• [REQUIRED WORK] In the entries that follow, find the line containing "It used to be"; from there, copy every line exactly through the line containing "Regardless of what".

• [MATERIAL SHOWN]
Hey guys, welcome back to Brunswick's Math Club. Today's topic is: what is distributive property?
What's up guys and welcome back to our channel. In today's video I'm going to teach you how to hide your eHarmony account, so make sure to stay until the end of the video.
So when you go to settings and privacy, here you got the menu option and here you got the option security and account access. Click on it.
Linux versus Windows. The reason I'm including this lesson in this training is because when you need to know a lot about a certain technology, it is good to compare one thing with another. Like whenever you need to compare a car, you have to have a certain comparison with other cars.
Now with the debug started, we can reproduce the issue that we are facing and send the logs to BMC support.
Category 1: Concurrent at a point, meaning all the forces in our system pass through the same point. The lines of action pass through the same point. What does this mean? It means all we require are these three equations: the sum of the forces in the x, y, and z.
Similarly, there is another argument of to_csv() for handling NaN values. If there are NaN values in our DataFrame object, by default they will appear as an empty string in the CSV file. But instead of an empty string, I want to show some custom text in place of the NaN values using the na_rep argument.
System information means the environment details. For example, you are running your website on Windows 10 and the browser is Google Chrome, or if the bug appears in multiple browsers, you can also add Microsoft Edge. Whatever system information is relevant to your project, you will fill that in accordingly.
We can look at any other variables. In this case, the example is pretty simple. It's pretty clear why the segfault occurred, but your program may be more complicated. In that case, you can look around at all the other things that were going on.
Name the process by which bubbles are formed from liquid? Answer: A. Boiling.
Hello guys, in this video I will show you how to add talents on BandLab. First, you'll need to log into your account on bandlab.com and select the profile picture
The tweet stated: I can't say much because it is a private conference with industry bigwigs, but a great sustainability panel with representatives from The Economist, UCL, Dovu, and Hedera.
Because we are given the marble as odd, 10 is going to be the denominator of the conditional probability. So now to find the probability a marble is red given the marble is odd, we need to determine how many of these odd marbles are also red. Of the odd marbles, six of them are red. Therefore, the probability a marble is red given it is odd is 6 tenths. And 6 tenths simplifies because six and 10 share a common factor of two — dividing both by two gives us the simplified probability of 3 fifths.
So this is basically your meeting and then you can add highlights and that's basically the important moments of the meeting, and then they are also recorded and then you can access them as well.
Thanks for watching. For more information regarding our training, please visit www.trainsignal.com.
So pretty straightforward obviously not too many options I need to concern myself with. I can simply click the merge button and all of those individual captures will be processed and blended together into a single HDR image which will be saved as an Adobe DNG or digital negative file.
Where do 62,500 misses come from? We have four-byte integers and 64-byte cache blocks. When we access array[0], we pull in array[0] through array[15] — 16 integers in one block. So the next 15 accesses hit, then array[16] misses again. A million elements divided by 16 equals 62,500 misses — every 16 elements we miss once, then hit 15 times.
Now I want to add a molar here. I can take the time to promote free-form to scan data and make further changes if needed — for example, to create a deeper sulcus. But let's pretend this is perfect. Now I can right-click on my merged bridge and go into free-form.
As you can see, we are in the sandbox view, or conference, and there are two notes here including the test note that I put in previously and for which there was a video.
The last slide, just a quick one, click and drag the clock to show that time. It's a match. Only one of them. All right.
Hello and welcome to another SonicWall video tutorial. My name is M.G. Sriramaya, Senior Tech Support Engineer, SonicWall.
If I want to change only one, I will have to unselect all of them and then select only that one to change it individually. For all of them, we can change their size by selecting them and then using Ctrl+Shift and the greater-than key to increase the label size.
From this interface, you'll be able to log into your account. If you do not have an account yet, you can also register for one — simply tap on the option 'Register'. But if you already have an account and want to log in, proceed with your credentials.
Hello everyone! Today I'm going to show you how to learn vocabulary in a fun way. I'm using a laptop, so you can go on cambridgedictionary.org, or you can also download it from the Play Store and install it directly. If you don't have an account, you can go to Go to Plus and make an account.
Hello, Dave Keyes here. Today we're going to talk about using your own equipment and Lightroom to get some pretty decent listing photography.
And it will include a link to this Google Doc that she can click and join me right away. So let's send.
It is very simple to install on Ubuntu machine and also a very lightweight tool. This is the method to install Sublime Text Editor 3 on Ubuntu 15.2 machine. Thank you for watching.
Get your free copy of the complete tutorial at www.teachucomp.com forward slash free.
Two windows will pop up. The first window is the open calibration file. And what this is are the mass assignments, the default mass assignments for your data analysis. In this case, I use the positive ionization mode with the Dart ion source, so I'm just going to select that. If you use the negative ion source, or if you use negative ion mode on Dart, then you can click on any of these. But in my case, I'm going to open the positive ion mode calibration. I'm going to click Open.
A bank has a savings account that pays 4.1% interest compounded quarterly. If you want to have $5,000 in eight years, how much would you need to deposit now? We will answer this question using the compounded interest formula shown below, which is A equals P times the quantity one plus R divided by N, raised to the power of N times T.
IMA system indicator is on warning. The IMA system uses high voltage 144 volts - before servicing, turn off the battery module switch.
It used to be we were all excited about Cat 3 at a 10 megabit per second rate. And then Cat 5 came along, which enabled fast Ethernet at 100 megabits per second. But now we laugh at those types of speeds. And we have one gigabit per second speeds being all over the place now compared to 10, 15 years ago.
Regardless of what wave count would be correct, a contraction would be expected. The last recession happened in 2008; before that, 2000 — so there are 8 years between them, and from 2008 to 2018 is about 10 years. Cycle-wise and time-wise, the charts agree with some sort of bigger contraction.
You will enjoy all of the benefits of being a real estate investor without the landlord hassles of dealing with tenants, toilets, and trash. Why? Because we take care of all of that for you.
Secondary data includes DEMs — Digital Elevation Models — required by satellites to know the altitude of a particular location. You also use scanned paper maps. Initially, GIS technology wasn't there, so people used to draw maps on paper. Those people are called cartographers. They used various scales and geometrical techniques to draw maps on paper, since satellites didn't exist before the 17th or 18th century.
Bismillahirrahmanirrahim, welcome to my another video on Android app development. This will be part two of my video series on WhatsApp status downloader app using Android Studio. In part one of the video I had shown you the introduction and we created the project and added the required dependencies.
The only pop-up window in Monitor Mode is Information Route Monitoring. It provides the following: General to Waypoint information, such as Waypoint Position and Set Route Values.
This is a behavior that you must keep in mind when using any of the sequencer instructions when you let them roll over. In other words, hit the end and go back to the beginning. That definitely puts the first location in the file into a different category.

• [ANSWER BELOW]
It used to be we were all excited about Cat 3 at a 10 megabit per second rate. And then Cat 5 came along, which enabled fast Ethernet at 100 megabits per second. But now we laugh at those types of speeds. And we have one gigabit per second speeds being all over the place now compared to 10, 15 years ago.
Regardless of what wave count would be correct, a contraction would be expected. The last recession happened in 2008; before that, 2000 — so there are 8 years between them, and from 2008 to 2018 is about 10 years. Cycle-wise and time-wise, the charts agree with some sort of bigger contraction.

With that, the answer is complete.